Re: sync()

Lists: pgsql-hackers
From: Giles Lean <giles(at)nemeton(dot)com(dot)au>
To: Tom Lane <tgl(at)sss(dot)pgh(dot)pa(dot)us>
Cc: Kevin Brown <kevin(at)sysexperts(dot)com>, pgsql-hackers(at)postgresql(dot)org
Subject: Re: sync()
Date: 2003-01-13 08:31:08
Message-ID: 4993.1042446668@nemeton.com.au
Views: Raw Message | Whole Thread | Download mbox | Resend email
Lists: pgsql-hackers


Tom Lane writes:

> Right. "Portably" was the key word in my comment (sorry for not
> emphasizing this more clearly). The real problem here is how to know
> what is the actual behavior of each platform? I'm certainly not
> prepared to trust reading-between-the-lines-of-some-man-pages. And I
> can't think of a simple yet reliable direct test.

Is the "Single Unix Standard, version 2" (aka UNIX98) any better?
It says for fsync():

"The fsync() function forces all currently queued I/O operations
associated with the file indicated by file descriptor fildes to
the synchronised I/O completion state. All I/O operations are
completed as defined for synchronised I/O file integrity
completion."

This to me clearly says that changes to the file must be written,
not just changes made via this file descriptor.

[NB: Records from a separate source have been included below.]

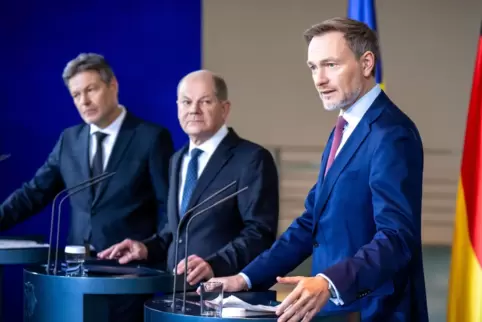 Ampel-Koalitionäre: Wirtschaftsminister Robert Habeck (Grüne), Bundeskanzler Olaf Scholz (SPD) und Bundesfinanzminister Christia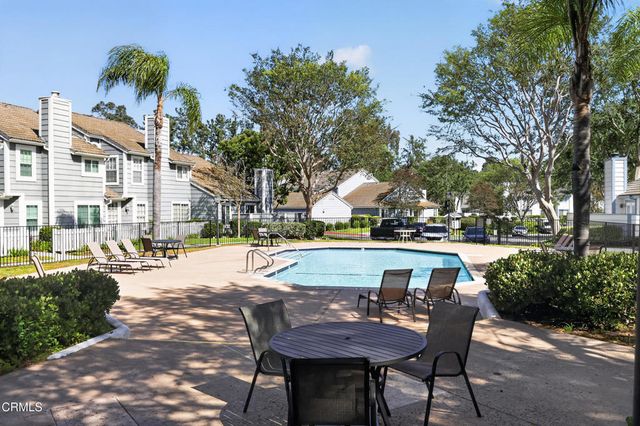 425 Jeremiah Drive A, Simi Valley, CA 93065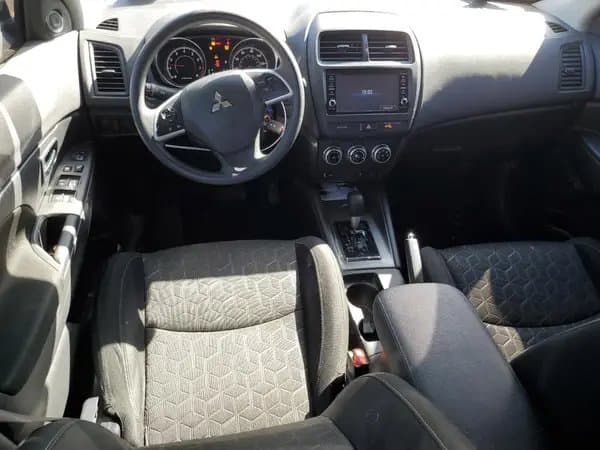 Mitsubishi Outlander 2022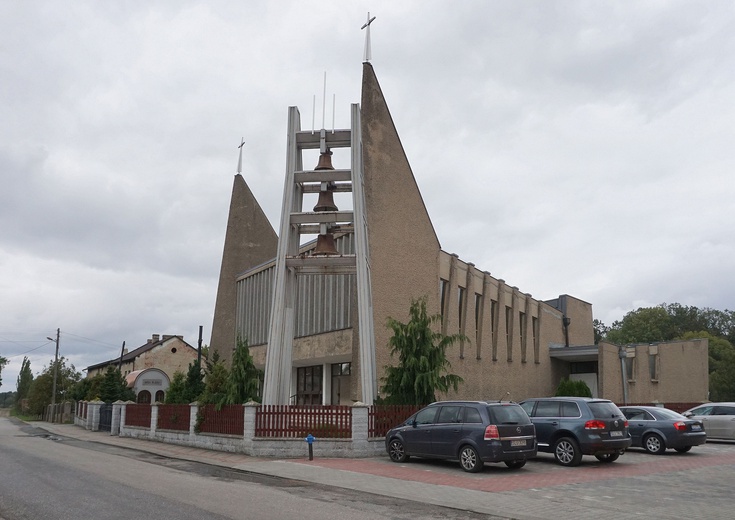 Kościół z izbą pamięci w Łagiewnikach Wielkich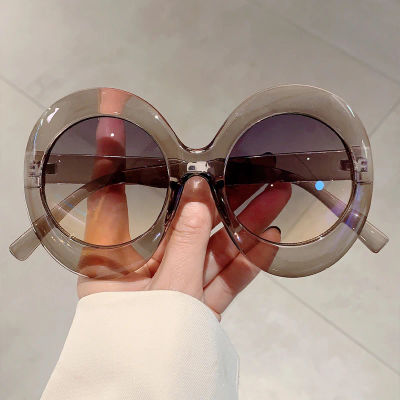 KAMMPT gafas de sol redondas de gran tamaño 2024 moda mujer Vintage gradiente gafas de sol al aire libre Ins diseño de marca de moda gafas de sol negras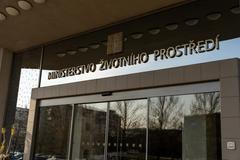 Ministerstvo životního prostředí, MŽP, budova, vchod, nápis, logo, označení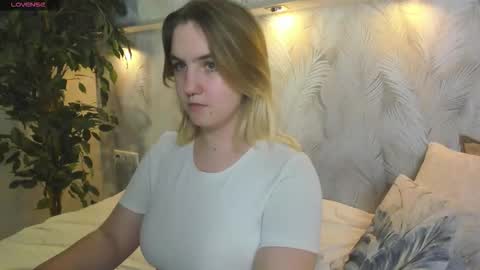 Julia Jips online show from September 25, 2025, 8:29 am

I did have to test this behaviour once (for a customer, strange
situation) but I couldn't find a portable way to do it, either.

What I did was read the appropriate disk block from the raw device to
bypass the buffer cache. As this required low level knowledge of the
on-disk filesystem layout it was not very portable. For anyone
interested Tom Christiansen's "icat" program can be ported to UFS
derived filesystems fairly easily:

http://www.rosat.mpe-garching.mpg.de/mailing-lists/perl5-porters/1997-04/msg00487.html

> AFAIK, all Unix implementations are paranoid about consistency of
> filesystem metadata, including directory contents. So fsync'ing
> directories from a user process strikes me as a waste of time, ...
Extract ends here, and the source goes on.